Exhibit 99 Press Release dated February 8, 2005
Item 9.01 Financial Statements and Exhibits
(c) The following exhibit is filed as part of this report.
SIGNATURES
Pursuant to the requirements of the Securities Exchange Act of 1934, the Registrant has duly caused this Report to be signed on its behalf by the undersigned hereunto duly authorized.
ITLA CAPITAL CORPORATION | |||
Date: | February 10, 2005 |
By: | /s/ Timothy M. Doyle Timothy M. Doyle Senior Managing Director and Chief Financial Officer |
Exhibit Number | Description |
99 | Press Release dated February 8, 2005 |
Contact: |
Timothy M. Doyle Senior Managing Director, CFO 858.551.0511 |
FOR IMMEDIATE RELEASE
ITLA CAPITAL CORPORATION REPORTS
NINTH CONSECUTIVE YEAR OF RECORD EARNINGS FOR THE YEAR ENDED
DECEMBER 31, 2004
La Jolla, California (February 8, 2005) --- ITLA Capital Corporation (NASDAQ-ITLA) today reported net income for the year ended December 31, 2004, primarily resulting from the operations of its wholly-owned subsidiaries, Imperial Capital Bank (the Bank) and Imperial Capital Real Estate Investment Trust (the REIT) of $30.6 million or $4.75 per diluted share compared to $29.6 million or $4.55 per diluted share for the prior year. President and Chief Executive Officer George W. Haligowski stated that "We are proud to announce our ninth consecutive year of record earnings. Our balance sheet has grown to $2.3 billion, and is primarily a reflection of our increasing loan production, including improving loan production resulting from our national expansion strategy. I expect the contribution and progress achieved from our expansion to continue to improve next year."

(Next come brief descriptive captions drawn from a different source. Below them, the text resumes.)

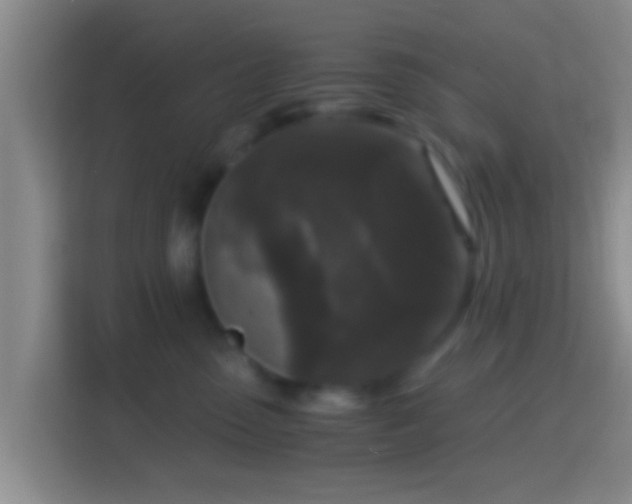 X0000114410475200910231136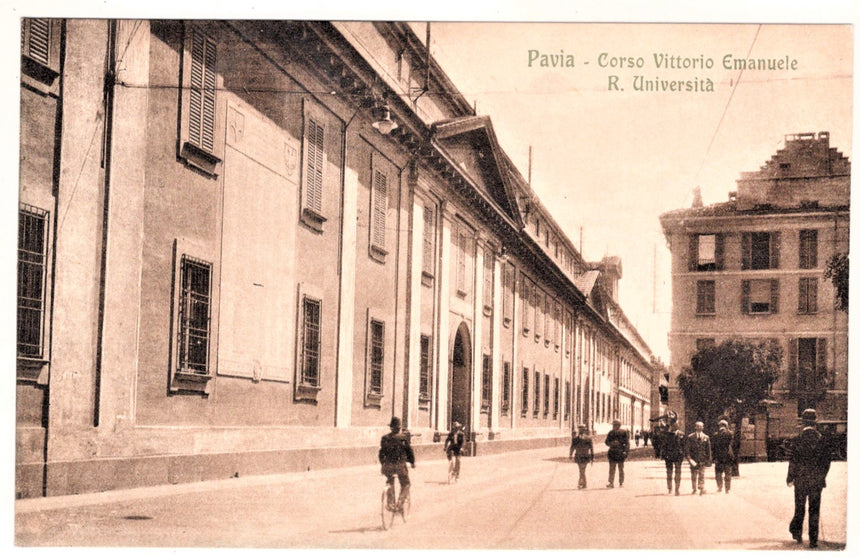 Cartolina Pavia Reggia università | Collezionissimo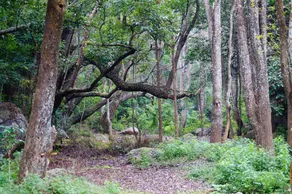 Secret Valley Jungle Resort - Image 3
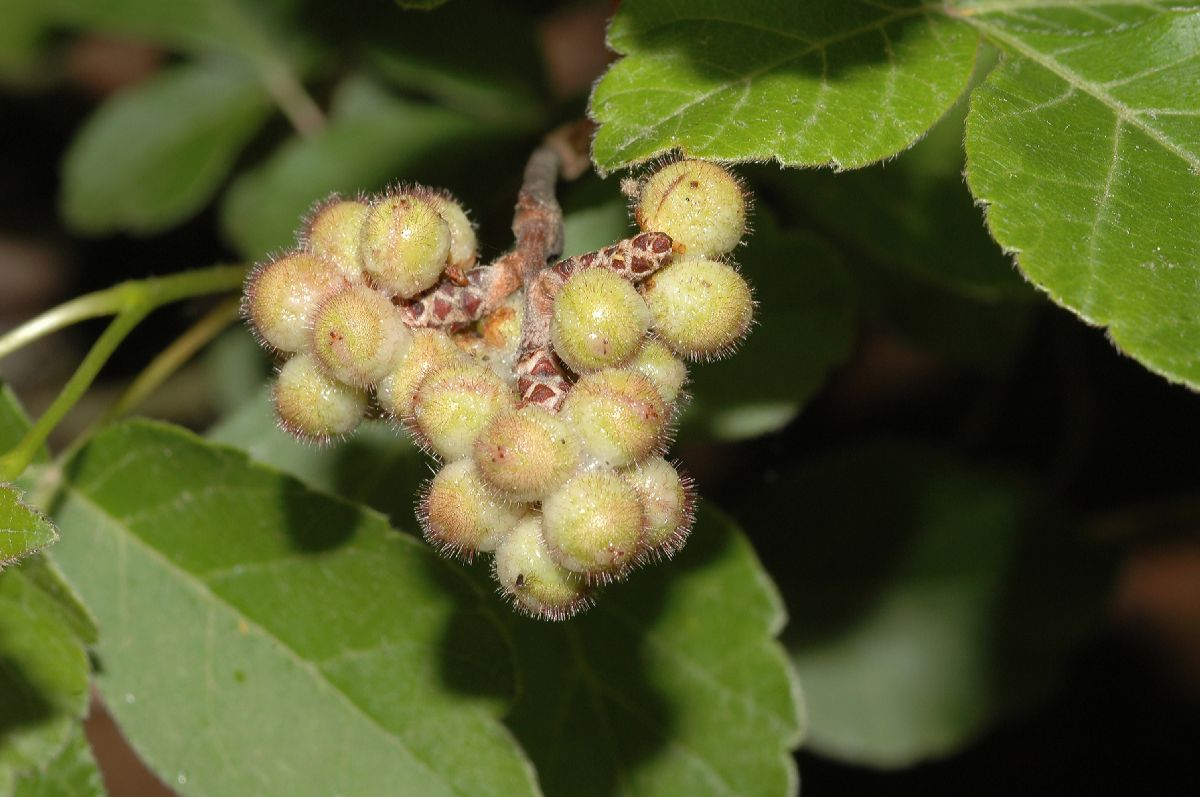 Anacardiaceae Rhus aromatica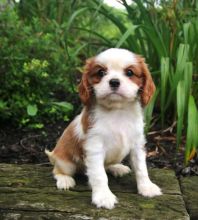 Cavalier King Charles Spaniel Puppies ♥️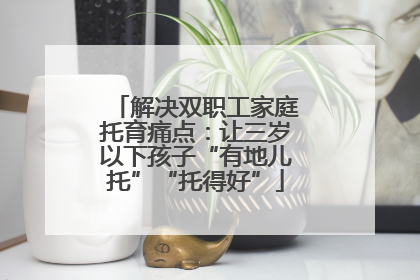 解决双职工家庭托育痛点：让三岁以下孩子“有地儿托”“托得好”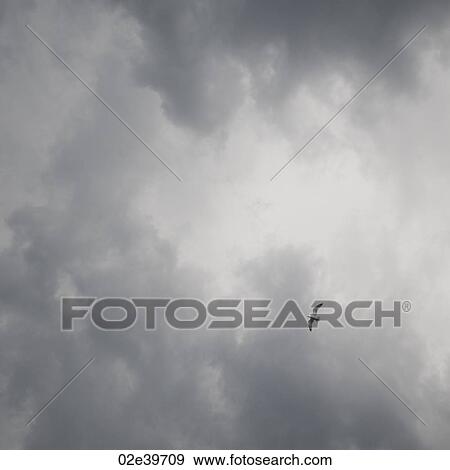 Stock Photo - Bird in flight and storm clouds over Lake of the Woods, Ontario. Fotosearch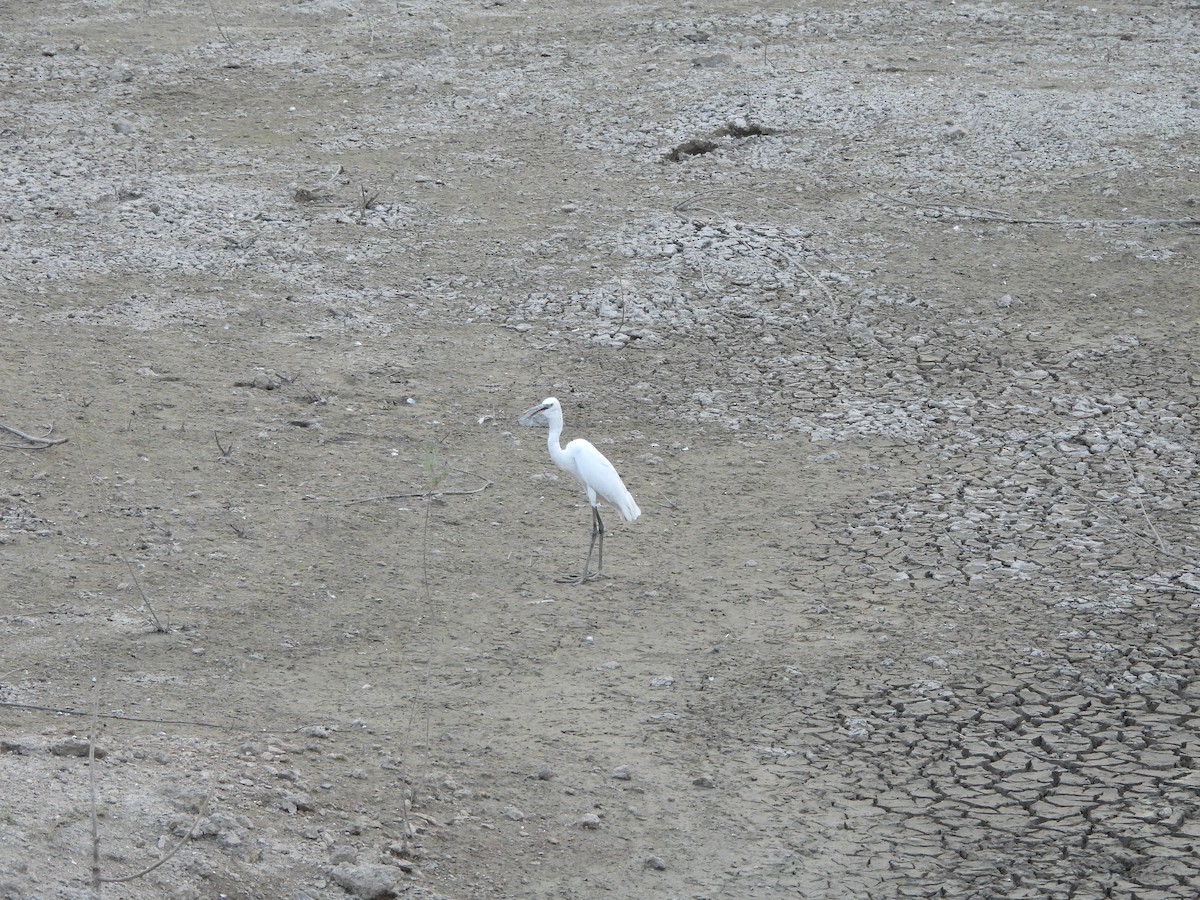 Little Egret - Prof Chandan Singh Dalawat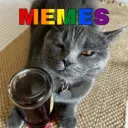 Memes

Net interest income before provision for loan losses decreased 1.9 percent to $83.5 million for the year ended December 31, 2004, compared to $85.1 million for the same period last year. The decrease was primarily caused by the effect of interest expense from our trust preferred securities as a result of the adoption of FASB Interpretation Number 46 (FIN 46), Consolidation of Variable Interest Entities, at December 31, 2003. The adoption of FIN 46 required that, beginning on January 1, 2004, we record the expense incurred on our junior subordinated debentures related to the trust preferred securities as interest expense in the consolidated statements of income. Prior period financial information has not been restated for the adoption of FIN 46, and as a result, amounts recorded relating to interest payments to the trusts were recorded as minority interest in income of subsidiary during the same period last year. Excluding the effect of the adoption of FIN 46, net interest income before provision for loan losses increased by $4.6 million or 5.4 percent as compared to the same period last year. The increase in net interest income earned, excluding the effect of the trust preferred securities, was primarily a result of an increase in the average balance of loans outstanding, reflecting an increase in loan production and a decline in loan prepayment speeds experienced during the period, an increase in the average balance of investments held-to-maturity, partially offset by a general decline in our net interest spread and an increase in the average balance of interest bearing liabilities. The decline in net interest spread resulted from deposits repricing to higher current market interest rates, the addition of new borrowings at higher current market interest rates, and a decline in the yield of our loan portfolio as higher yielding loans were repaid and replaced by new loan production at lower current market interest rates.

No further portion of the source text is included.